» **Extracted records**:
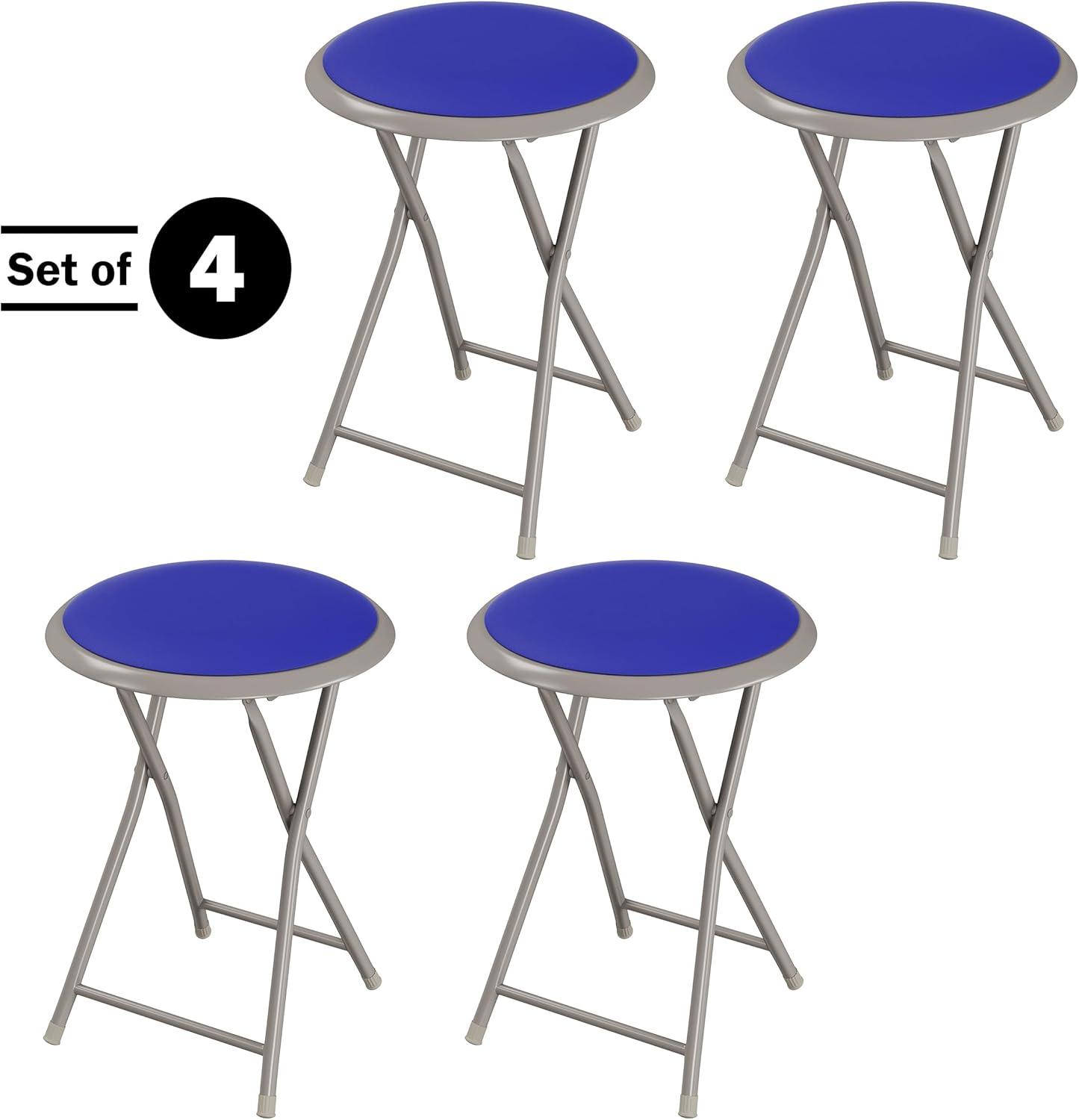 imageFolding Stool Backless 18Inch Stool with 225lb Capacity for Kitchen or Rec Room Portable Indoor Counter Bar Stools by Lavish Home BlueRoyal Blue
...
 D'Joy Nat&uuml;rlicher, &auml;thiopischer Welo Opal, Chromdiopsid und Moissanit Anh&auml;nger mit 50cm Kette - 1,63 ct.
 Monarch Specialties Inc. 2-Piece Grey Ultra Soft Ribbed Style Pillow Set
* * *
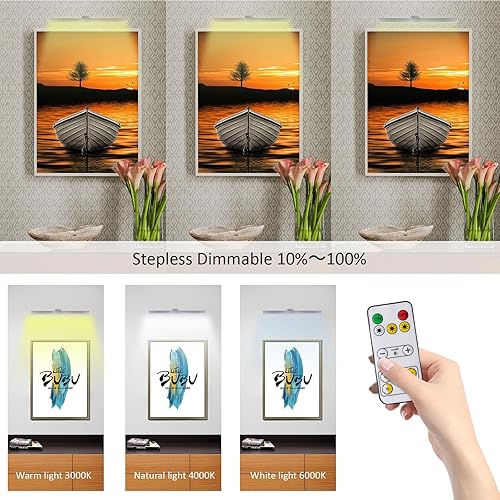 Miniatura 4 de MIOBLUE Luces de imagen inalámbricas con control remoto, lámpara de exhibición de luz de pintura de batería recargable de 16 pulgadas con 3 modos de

» **Directions**: Would you quote everything above from the line containing "D'Joy Nat&uuml;rlicher, &auml;thiopischer" down to the line containing "Monarch Specialties Inc."? Include both of those lines and nothing else.

» **Exercise result**:
 D'Joy Nat&uuml;rlicher, &auml;thiopischer Welo Opal, Chromdiopsid und Moissanit Anh&auml;nger mit 50cm Kette - 1,63 ct.
 Monarch Specialties Inc. 2-Piece Grey Ultra Soft Ribbed Style Pillow Set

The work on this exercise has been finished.